Tasks can also modify a global 'context' that will be passed down to all defendants of a task (so things like env variables can be passed down).
If a task has run previously, it's input and output (from the previous) run, will be mounted in to the container (easy, powerful caching). Then if a tasks job is to download deps, it could compare lock files of the previous input and if they're the same, can reuse the downloaded deps of its previous output.
Tasks can be marked as 'pure', pure tasks can be memoized (cached) for the same set of inputs (code transforms for instance), meaning they won't be rerun.
Given any build, the system will try reuse as much of the cached tasks as they can. Meaning huge portions of the task DAG can be reused on rebuilds or subsequent builds.
Tasks can accept static parameterization in their specification. Meaning you could create a 'kubernetes deploy' task, which can be parametrized reused.
Tasks can be packaged and shared via a package manager.
A source is a task that can trigger a build, sources can't have dependencies. Sources are things like 'git repos', 'time passing', 'notifications' etc. Essentially event stream sources.
A stage is a set of tasks and is meant to help categorize and control order of execution. Stages also specify dependencies as DAG's. Tasks in a stage will only run if all tasks in any dependency stages has completed.
A 'pipeline' of tasks is thus created and you should be able to inspect it fully. If the pipeline fails at any task, you should be able to rerun it and keep 'good' tasks, just using the cached results.

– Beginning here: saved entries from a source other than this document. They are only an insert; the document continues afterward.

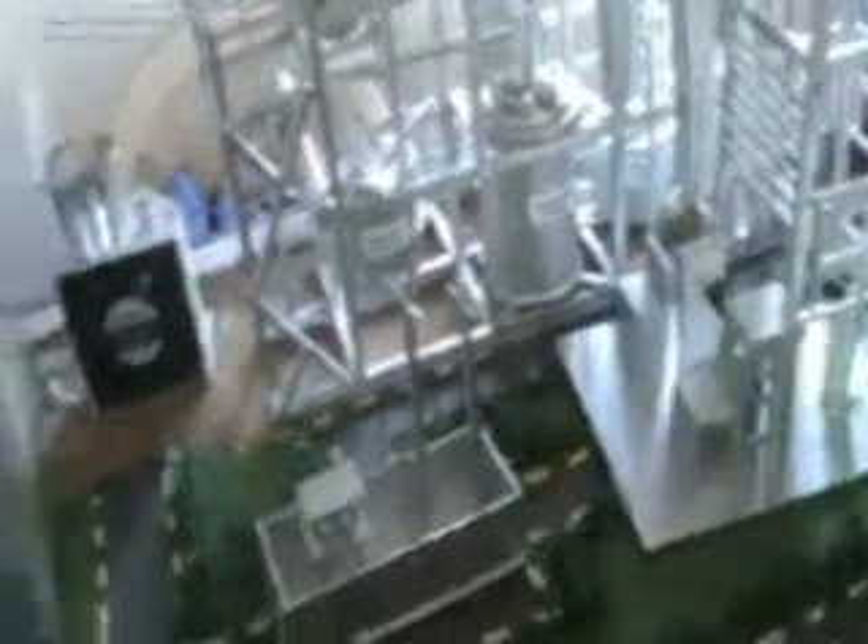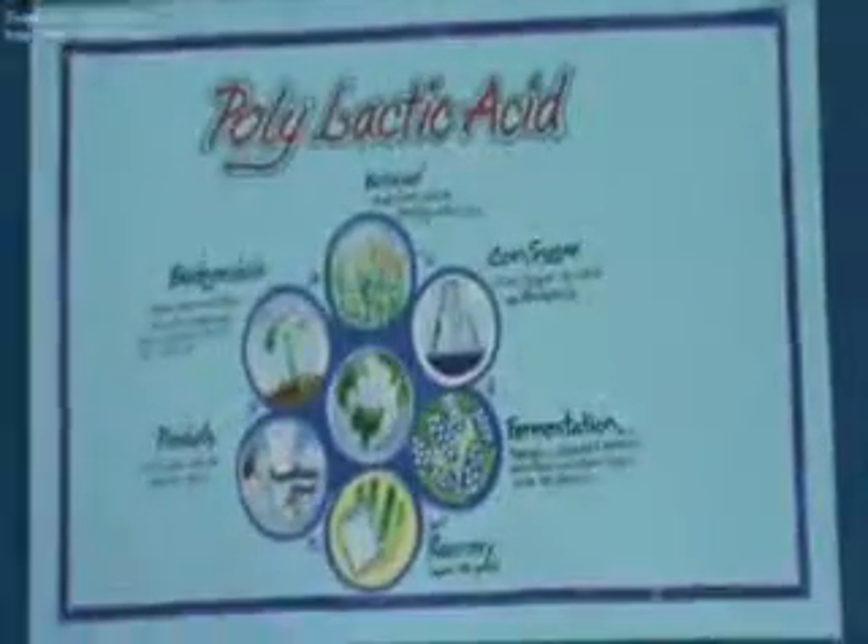This polylactic acid is processed using a 350 degree centigrade temperature supply system, producing a sheet that will melt. So we have bioplastic covers that are 100% degradable, and we have biomass, water, and carbon dioxide as byproducts. This plastic will melt and release.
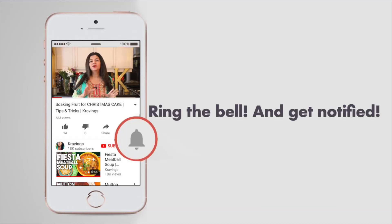Before I go any further with this recipe, do make sure you subscribe to my channel and make sure to ring that bell so you're notified every time I upload a new video. Now let's get started.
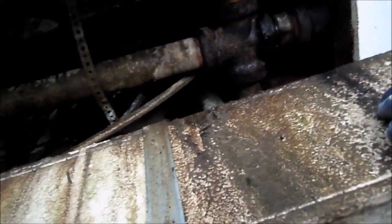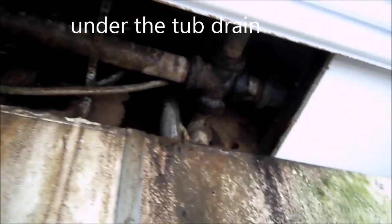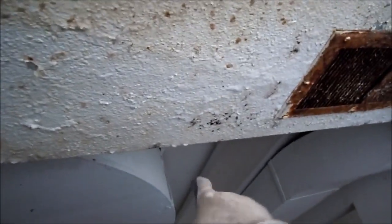Kind of hard to tell where that thing's leaking, but you can see it's been leaking for a long time. I would imagine this is directly under the shower. You can see we still have the drips here.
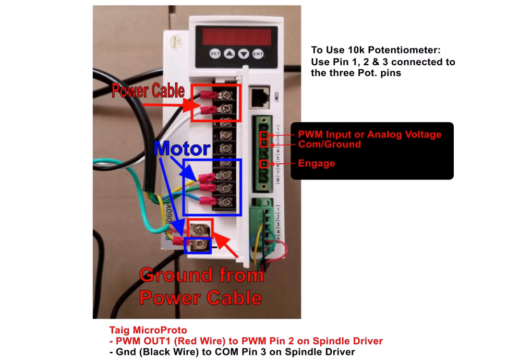Hey everybody, this is James Dime with GlockCNC.com, and this is a video on hooking up the Glock CNC spindle motor to the spindle motor driver and to your CNC system, or even using a rotary knob or a 10K knob. So let's start out with hooking the motor up to the power itself and the driver.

The core concepts are a high level abstraction over how to run tasks. And don't dictate the environment that they run on.
Schedulers are (sharable) plugins that control how tasks are executed and how their dependencies and outputs are distributes.
For example you could have a 'local' scheduler, which just talks to a docker engine and runs the containers locally and handles volume management by copying directories. Where as a 'kubernetes' scheduler could hand off task scheduling to the kubernetes native scheduler and run tasks as containers in pods, with a helper container that manages the volumes and distributing the output and input layers around the cluster.
There should be a 'master' process that provides an HTTP API. Thus a UI and CLI, as well as programmatic processes, can interact with the system.
The CLI should be able to kick off individual tasks locally or on a cluster.
Dashboard - This is a must have, need some nice visualization that can be displayed on a screen of the build process.
It wont be hard to provide a programmatic UI to design your pipeline, which can then just spit out a config file. The UI can also take as input a config and allow you to modify it.
Should also be easy to statically analyze the system and provide insight into how the pipeline can be optimized.